No entanto, “Ficção Americana” é uma sátira inteligente e profunda sobre como a Cultura Pop (cinema, livros, séries e outros produtos) gosta de abordar a vivência de pessoas negras. O filme não tem medo de falar isso explicitamente, com referências bem diretas, doloridas e até mesmo engraçadas, nas cenas. 

Cartaz "Ficção Americana" | Quilombo Geek
Foto: Prime Video/Divulgação

A começar com Sintara Golden (Issa Rae), uma autora que é uma mulher negra e acabara de publicar um best-seller. O problema é que o livro aparenta ter alguns estereótipos como o nome dos personagens e um modo de falar “favelado” (ou do gueto). Porém, é o que a branquitude gosta de consumir, porque é como nos vê. Não à toa, Sintara fez sucesso com isso e não vê problema algum em atender as demandas do mercado. 

Outro momento de crítica explícita e direta é o comercial na televisão que anuncia a programação especial para o “Mês da História Negra” (celebrado em fevereiro nos Estados Unidos). Imagens de pessoas pretas sendo perseguidas e executadas passam em sequência, enquanto palavras como superação e diversidade aparecem na tela. Chega a ser bizarro de tão real.

Monk (à esquerda) e Sintara Golden (à direita) | Quilombo Geek
Monk (à esquerda) e Sintara Golden (à direita). Foto: Prime Video/Reprodução

“Ficção Americana” não inventa a roda ao trazer à tona essa questão. Mas é ousado porque fala disso, enquanto diversas outras produções tocam muito superficialmente nessa ferida aberta há anos (e quando tocam). Um exemplo é “Black Af” (2020), que fala sobre como certos filmes com protagonismo negro nada agregam para a comunidade, porém, também salienta que precisamos dar audiência para esse tipo de produção, porque é o que temos. Então, acaba deixando a discussão vazia.  

A tensão entre Monk e Sintara me lembrou o livro, que já foi adaptado para série, “A outra garota negra”. Na trama, o suspense é usado para ilustrar como a branquitude nos manipula enquanto segue nos maltratando, fazendo isso da pior maneira possível: usando nossa cultura, conhecimento e nos fazendo crer que estamos promovendo algo que beneficia a comunidade negra. 

Lorraine (à esquerda), Lisa ao fundo e Monk à direita | Quilombo Geek
Lorraine (à esquerda), Lisa (Tracee Ellis Ross) ao fundo e Monk à direita. Foto: Prime Video/Reprodução

Para além da temática central, o roteiro traz um drama ao longo do enredo que confere uma sensibilidade interessante.

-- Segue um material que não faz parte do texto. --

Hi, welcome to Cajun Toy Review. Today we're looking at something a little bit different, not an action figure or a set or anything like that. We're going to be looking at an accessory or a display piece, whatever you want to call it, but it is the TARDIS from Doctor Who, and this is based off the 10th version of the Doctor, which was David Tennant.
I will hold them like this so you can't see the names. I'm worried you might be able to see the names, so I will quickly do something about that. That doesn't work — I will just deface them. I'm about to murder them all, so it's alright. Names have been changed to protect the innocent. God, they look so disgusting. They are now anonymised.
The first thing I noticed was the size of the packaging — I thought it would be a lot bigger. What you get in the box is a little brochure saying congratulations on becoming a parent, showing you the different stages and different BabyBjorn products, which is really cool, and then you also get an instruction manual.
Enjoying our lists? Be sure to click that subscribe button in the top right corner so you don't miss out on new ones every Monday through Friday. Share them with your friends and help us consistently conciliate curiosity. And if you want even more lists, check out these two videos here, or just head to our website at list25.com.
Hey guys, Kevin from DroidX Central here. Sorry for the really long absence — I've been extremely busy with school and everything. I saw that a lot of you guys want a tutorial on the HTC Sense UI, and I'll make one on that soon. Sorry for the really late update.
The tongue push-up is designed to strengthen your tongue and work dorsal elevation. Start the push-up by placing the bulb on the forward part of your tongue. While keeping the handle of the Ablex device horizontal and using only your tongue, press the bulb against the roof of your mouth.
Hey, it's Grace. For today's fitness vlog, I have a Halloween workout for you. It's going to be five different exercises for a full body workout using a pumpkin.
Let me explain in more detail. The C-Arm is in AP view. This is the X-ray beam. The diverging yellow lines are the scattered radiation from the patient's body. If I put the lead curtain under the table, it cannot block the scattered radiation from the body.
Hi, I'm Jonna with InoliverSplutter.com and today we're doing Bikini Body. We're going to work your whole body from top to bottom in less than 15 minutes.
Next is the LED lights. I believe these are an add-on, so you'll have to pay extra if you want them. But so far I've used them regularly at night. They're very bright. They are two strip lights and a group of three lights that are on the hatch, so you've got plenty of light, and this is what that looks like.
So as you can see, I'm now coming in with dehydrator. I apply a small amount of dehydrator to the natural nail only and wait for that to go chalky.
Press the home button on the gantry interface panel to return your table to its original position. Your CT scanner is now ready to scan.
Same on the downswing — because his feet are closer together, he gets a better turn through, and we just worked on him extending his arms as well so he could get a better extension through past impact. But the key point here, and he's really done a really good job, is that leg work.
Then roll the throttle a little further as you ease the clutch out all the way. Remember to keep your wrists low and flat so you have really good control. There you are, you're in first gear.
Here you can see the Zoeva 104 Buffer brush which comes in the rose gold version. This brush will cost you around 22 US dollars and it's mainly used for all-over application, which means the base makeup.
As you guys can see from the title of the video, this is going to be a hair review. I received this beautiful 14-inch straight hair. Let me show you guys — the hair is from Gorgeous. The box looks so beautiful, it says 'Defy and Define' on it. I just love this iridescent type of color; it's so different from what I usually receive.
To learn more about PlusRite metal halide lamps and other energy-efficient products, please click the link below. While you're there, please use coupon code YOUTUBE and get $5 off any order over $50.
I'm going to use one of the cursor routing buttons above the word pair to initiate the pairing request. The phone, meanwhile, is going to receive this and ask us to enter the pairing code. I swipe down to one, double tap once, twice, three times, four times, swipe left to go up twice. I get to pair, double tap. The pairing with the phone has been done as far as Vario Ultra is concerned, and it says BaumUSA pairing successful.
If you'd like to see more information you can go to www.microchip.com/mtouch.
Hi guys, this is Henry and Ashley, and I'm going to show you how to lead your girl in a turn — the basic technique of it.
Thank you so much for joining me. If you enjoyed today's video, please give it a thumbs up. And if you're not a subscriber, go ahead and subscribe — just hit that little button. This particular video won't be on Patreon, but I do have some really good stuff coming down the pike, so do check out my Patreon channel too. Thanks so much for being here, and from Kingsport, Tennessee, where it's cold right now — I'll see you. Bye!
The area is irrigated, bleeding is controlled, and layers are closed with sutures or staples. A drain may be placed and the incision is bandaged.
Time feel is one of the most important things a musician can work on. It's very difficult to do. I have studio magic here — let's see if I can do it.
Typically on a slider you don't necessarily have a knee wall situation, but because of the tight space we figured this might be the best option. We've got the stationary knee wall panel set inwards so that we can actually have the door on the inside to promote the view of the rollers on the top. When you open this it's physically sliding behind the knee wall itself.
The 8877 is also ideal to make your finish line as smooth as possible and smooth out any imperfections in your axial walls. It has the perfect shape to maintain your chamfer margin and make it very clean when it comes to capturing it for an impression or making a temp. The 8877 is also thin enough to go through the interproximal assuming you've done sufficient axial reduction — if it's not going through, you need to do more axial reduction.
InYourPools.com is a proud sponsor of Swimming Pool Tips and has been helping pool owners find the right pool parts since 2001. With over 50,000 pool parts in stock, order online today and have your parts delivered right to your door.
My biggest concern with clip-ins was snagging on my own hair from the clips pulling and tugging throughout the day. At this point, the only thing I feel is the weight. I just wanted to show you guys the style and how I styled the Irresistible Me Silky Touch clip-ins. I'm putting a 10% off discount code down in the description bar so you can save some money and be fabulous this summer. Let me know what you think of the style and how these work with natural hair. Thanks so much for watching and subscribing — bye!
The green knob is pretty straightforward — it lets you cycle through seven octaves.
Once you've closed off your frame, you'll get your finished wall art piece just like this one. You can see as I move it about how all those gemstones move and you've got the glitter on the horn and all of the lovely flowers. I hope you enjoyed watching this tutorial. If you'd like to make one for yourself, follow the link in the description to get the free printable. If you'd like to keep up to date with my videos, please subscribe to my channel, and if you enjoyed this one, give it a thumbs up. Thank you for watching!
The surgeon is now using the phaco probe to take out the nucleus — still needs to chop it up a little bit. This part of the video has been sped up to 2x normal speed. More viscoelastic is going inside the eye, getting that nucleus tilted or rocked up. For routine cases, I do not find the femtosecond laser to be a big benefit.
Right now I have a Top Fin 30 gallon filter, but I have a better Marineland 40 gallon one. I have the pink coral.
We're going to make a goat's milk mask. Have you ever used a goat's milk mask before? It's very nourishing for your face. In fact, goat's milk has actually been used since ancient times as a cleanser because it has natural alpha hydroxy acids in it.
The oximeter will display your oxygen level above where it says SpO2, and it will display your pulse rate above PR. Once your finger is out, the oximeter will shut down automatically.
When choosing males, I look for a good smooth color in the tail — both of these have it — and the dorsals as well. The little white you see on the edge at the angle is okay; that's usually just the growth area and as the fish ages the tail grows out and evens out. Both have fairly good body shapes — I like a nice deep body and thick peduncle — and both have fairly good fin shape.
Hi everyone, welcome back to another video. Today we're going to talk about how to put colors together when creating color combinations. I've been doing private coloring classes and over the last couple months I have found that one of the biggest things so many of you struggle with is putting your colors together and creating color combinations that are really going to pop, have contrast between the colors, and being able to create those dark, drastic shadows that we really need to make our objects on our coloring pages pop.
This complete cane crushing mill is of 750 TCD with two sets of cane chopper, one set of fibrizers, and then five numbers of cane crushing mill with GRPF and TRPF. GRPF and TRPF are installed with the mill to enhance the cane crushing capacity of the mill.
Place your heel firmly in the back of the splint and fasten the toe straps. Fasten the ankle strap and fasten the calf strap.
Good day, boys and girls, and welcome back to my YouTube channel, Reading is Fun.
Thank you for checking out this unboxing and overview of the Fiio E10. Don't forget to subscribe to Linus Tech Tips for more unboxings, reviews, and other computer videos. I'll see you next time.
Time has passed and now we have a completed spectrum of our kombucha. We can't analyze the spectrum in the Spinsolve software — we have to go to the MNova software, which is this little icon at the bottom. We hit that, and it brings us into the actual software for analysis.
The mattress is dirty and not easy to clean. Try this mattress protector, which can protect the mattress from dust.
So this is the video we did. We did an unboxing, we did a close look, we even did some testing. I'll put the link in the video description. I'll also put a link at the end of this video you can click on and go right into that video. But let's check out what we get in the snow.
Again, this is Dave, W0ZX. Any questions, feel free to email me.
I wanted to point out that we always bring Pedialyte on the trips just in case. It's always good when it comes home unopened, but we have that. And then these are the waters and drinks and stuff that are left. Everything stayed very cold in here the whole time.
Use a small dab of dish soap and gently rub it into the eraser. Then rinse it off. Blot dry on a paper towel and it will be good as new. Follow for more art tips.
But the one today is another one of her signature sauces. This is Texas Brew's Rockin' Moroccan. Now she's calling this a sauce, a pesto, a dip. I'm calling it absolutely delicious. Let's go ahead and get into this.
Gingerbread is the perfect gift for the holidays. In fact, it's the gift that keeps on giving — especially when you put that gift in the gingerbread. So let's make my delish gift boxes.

Não se limitando somente à jornada do protagonista, mas desenvolvendo o arco dos personagens ao redor. Somos envolvidos pela família de Monk, não só por causa dos problemas, mas também por suas conquistas e aspirações. 

Destaco aqui a Lorraine (Myra Lucretia Taylor), que nos cativa com sua maneira doce de viver e observar o mundo. A atriz merecia uma indicação a Melhor Atriz Coadjuvante no Oscar de 2024, no entanto, acredito que como a personagem não sofre em momento nenhum, a Academia não considerou a performance digna de concorrer a estatueta. 

Assim como Myra, o resto do elenco está comprometido com a representação proposta em cena. Sterling K. Brown, conhecido por interpretar Randall em “This Is Us”, está irreconhecível como Clifford, irmão mais velho de Monk. O próprio protagonista também não perde a vibe melancólica, depressiva e arrogante do escritor. 

Cliff à esquerda, Monk no meio e Coraline (Erika Alexander) à direita | Quilombo Geek
Cliff à esquerda, Monk no meio e Coraline (Erika Alexander). Foto: Prime Video/Reprodução

Issa Rae está hilária como Sintara Golden e Leslie Uggams nos mostra como o Alzheimer pode deteriorar a mente de alguém. A atriz que dá vida à mãe de Monk me lembrou a minha falecida bisavó que foi acometida pela doença em diversos momentos. 

A trilha sonora é fundamental para dar mais ênfase ao tom satírico presente na trama, se adequando a cada cena. A fotografia entrega bons momentos, mas não é um diferencial para o filme. O roteiro é de fato a estrela da produção, com uma história bem contada e ácida. 

Enfim, assistam “Ficção Americana” e pensem sobre como consumimos o entretenimento feito para nós. O longa está disponível na Prime Vídeo.